Hace unos años un programa de la ETB empezó a hacer bromas sobre el terrorismo. Al menos, sobre parte de él: la “kale borroka”, los “batasunis” y la familia aquella que tenía «un hijo txarraina y otro de la ETA». No faltó quien criticara a “Vaya semanita” porque, decían, era un asunto demasiado serio como para hacer bromas.
Me reí muy a gusto con aquellos chistes, sin por ello sentirme menos cercano a las víctimas. Y, qué quieren que les diga: cuando vi que muchos vascos se descojonaban francamente de la retórica de los batasunos, empecé a pensar en que el fin de la pesadilla estaba de verdad cerca.

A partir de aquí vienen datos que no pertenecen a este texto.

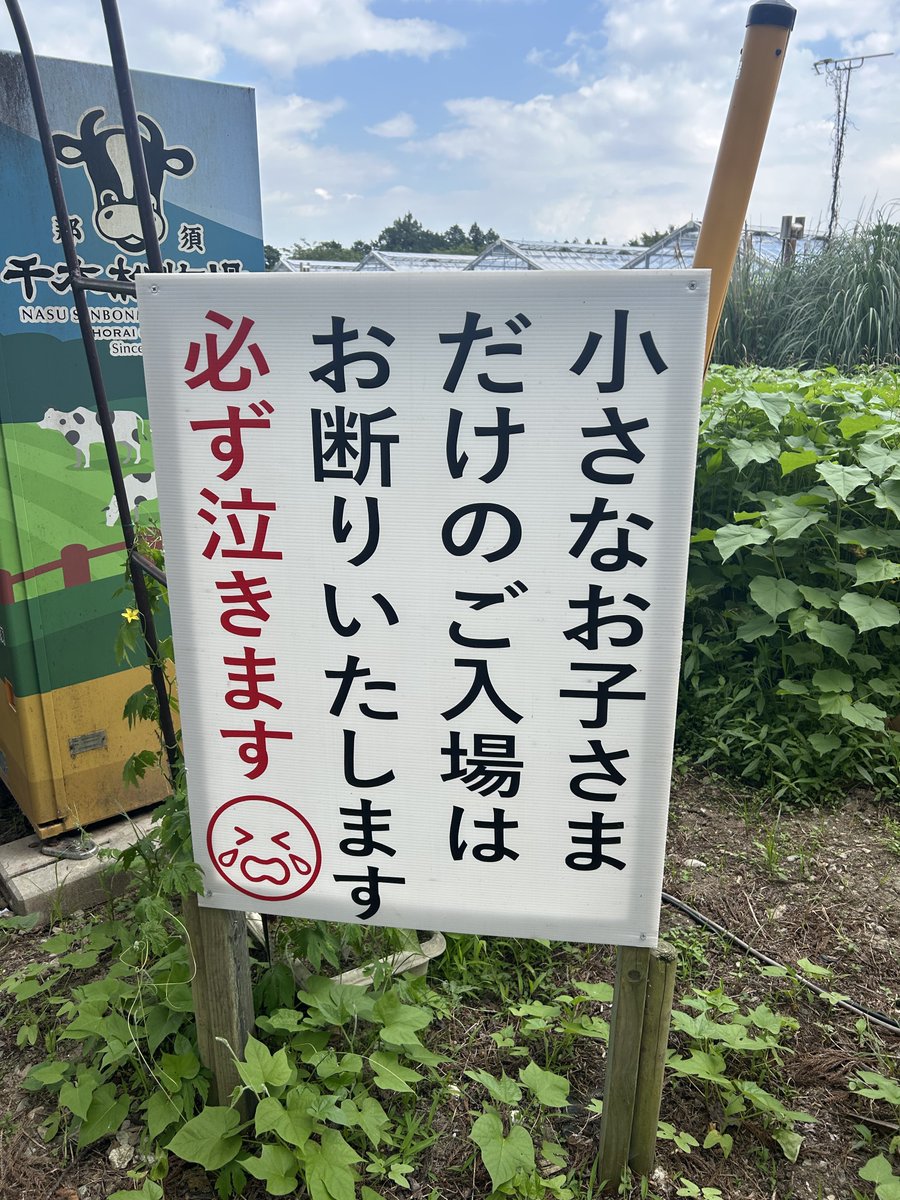 これやりたかった🌽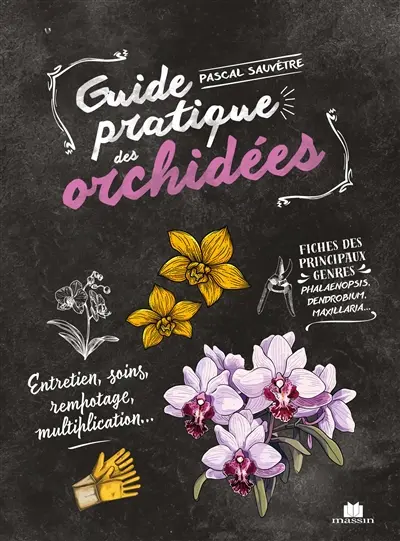 Guide pratique des orchidées : entretien, soins, rempotage, multiplication...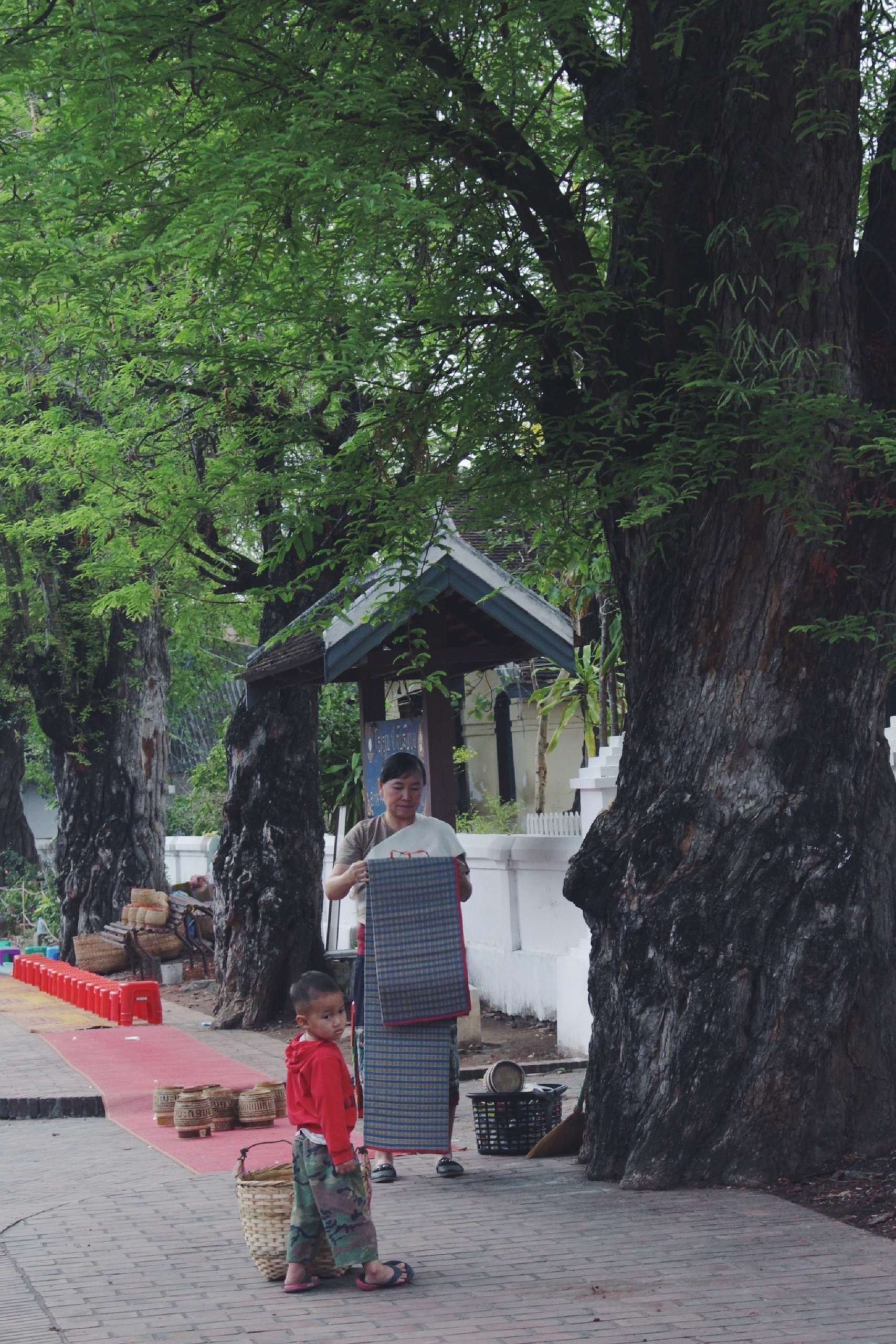 lễ khất thực Luang Prabang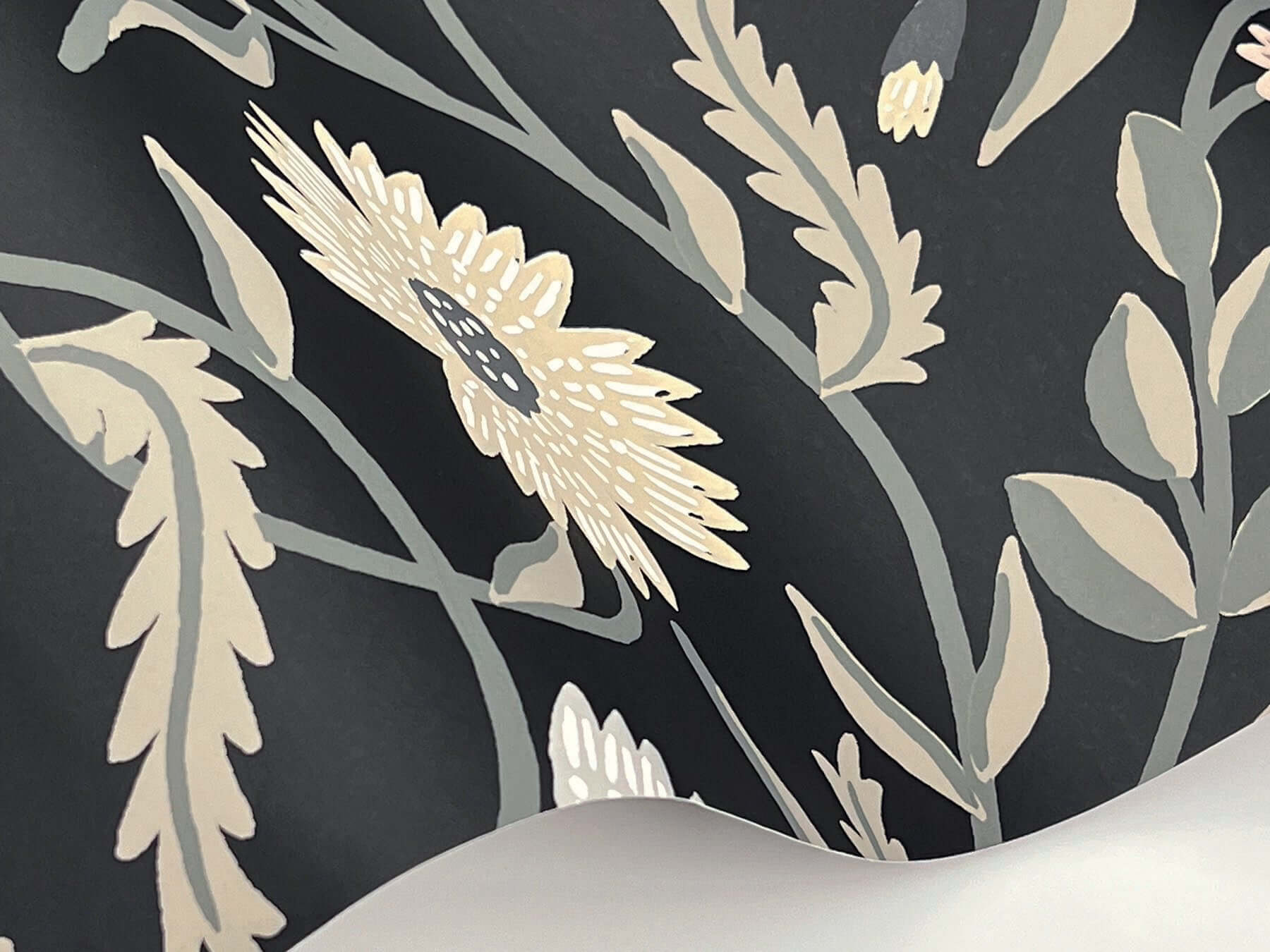 aster-wallpaper-black-york-wallcoverings-rf7434 - York Wallcoverings Wallpaper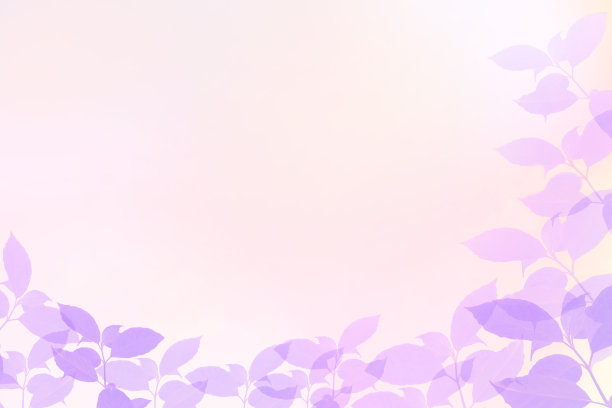 摘要以夏季大自然为背景的紫色为主题。图片下载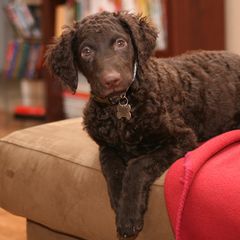 Curly-Coated Retrievers from Ayershire Kennels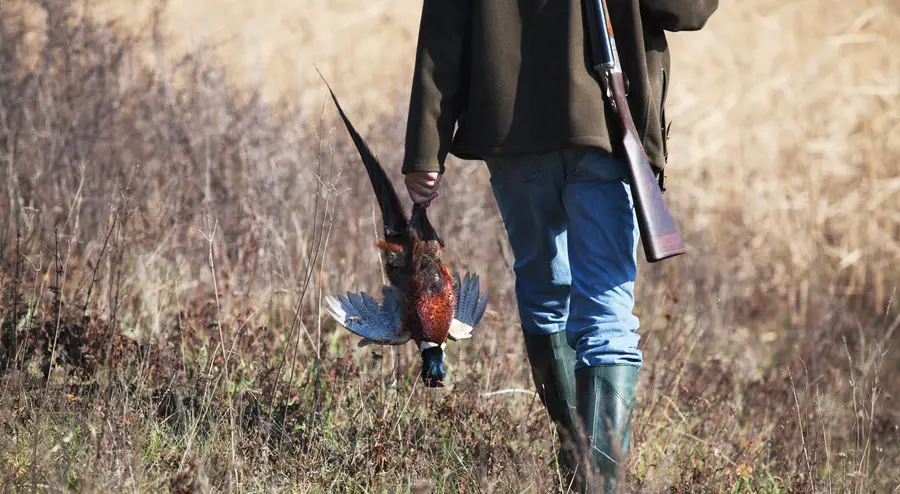 Pheasant Hunting 101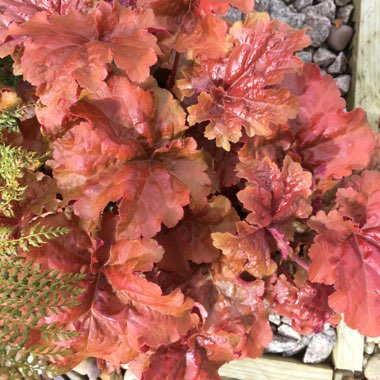 Heuchera Dolce 'Crème Brûlée'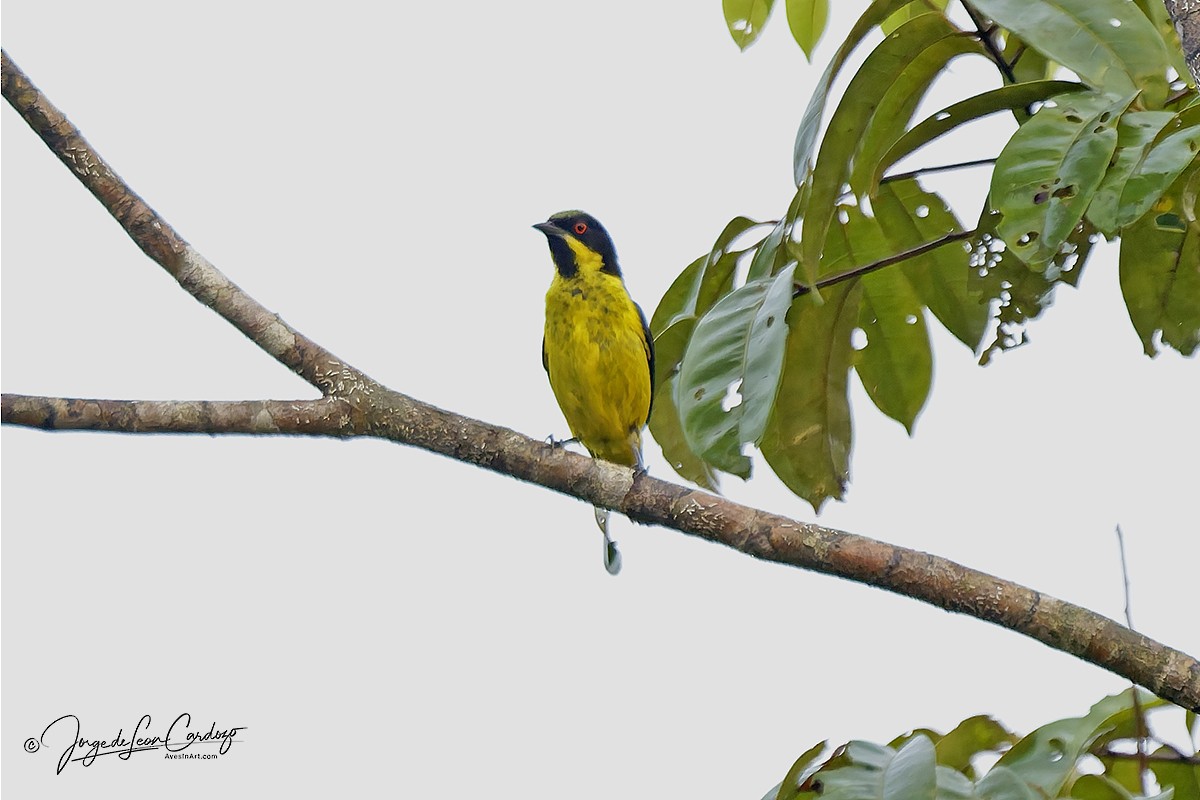 Yellow-bellied Dacnis - ML646882596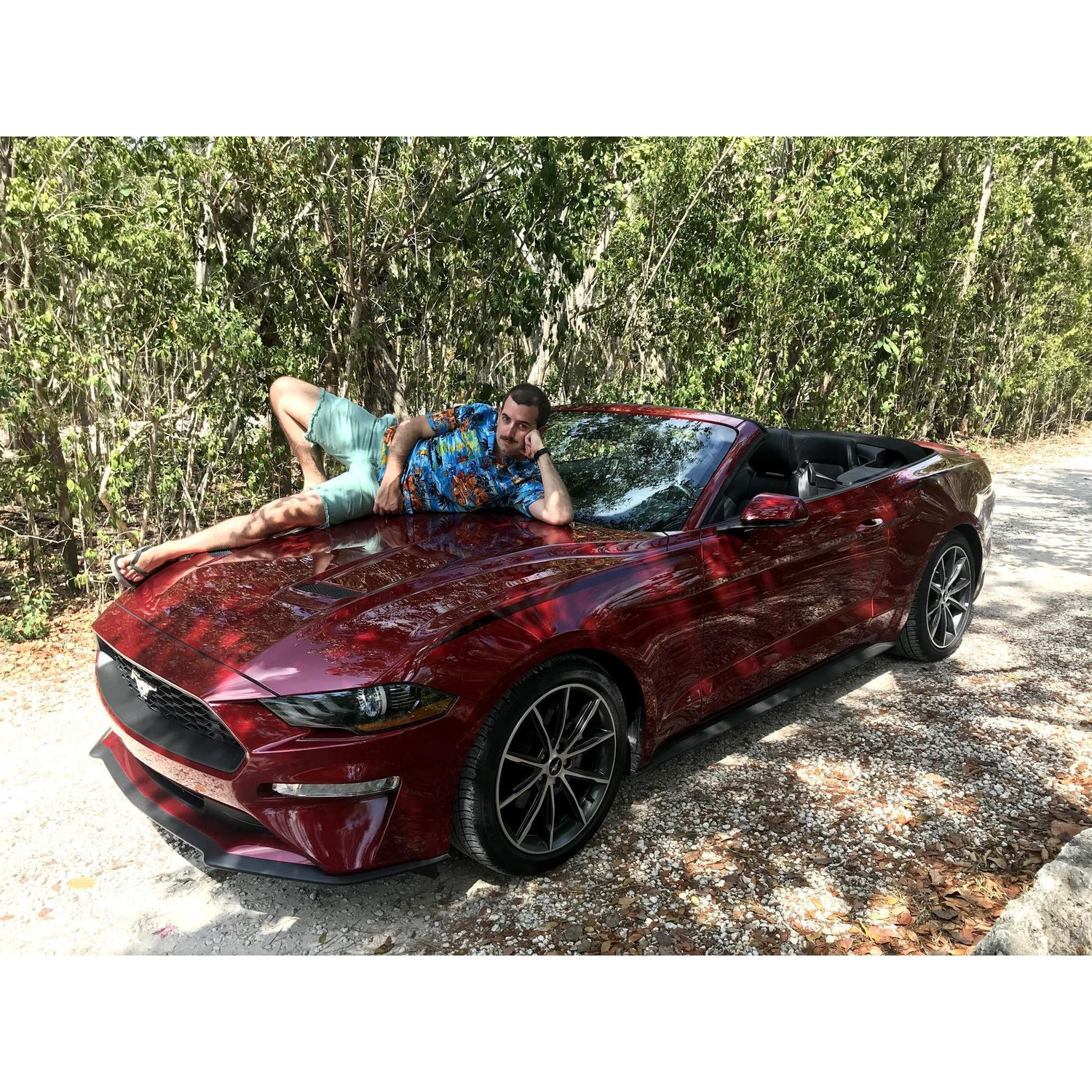 Vacation zaddy, May 2019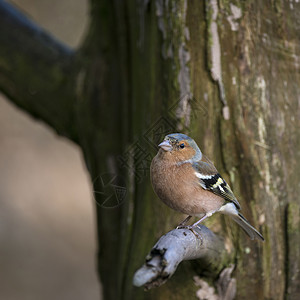 威拉科查英国的鸟类高清图片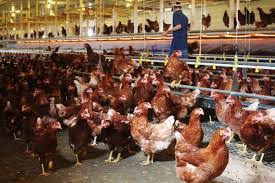 Terdapat beragam jenis varietas hibrida, dan golden comet merupakan salah satu yang sebagai salah satu ayam yang dipelihara dengan tujuan ganda, maran dapat menjadi petelur atau pedaging. Lokasi Kandang Ayam Petelur Paling Bagus Ayambangkok Org 2021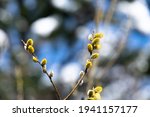 A flowering branch of a goat willow tree.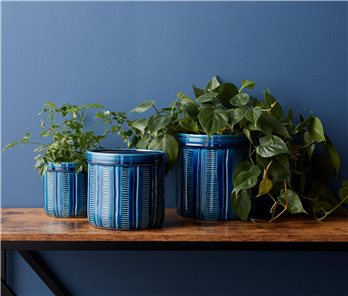 Pots & Planters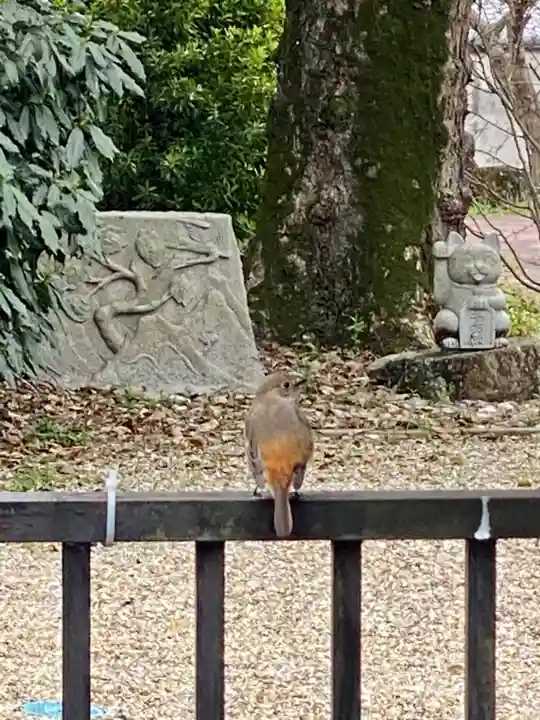 京都乃木神社の動物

El fanático y el tonto tienen muchas cosas en común. Desde el origen, porque es difícil ser sinceramente lo primero sin una dosis de lo segundo. Ambos tienen en su ADN, además, tomarse a sí mismos tremendamente en serio. El fanático ve la vida con un anteojo de absoluta convicción que no admite broma.
Para un cerebro así de corrompido, la crítica es imposible, y la disensión un pecado. Pero el chiste es otra cosa, mucho peor. Un humorista con talento tiene un don para ver lo de risible que hay en todas las personas, en todos los comportamientos, en todas las creencias. Nada hay que socave más los cimientos de un fanatismo que un chiste afilado y certero.
Porque, como sabe cualquier persona con media luz y desconocen absolutamente los yihadistas, a todos los hombres nos une una naturaleza común: somos risibles. Somos débiles, tontos al menos una vez cada día, capaces de asomarnos al cielo y de resbalar al siguiente paso con una cáscara de plátano.
¿Queremos homenajear a los muertos de Charlie Hebdo? Pues sigamos riéndonos. De todo, de todos. Y sobre todo de los tontos.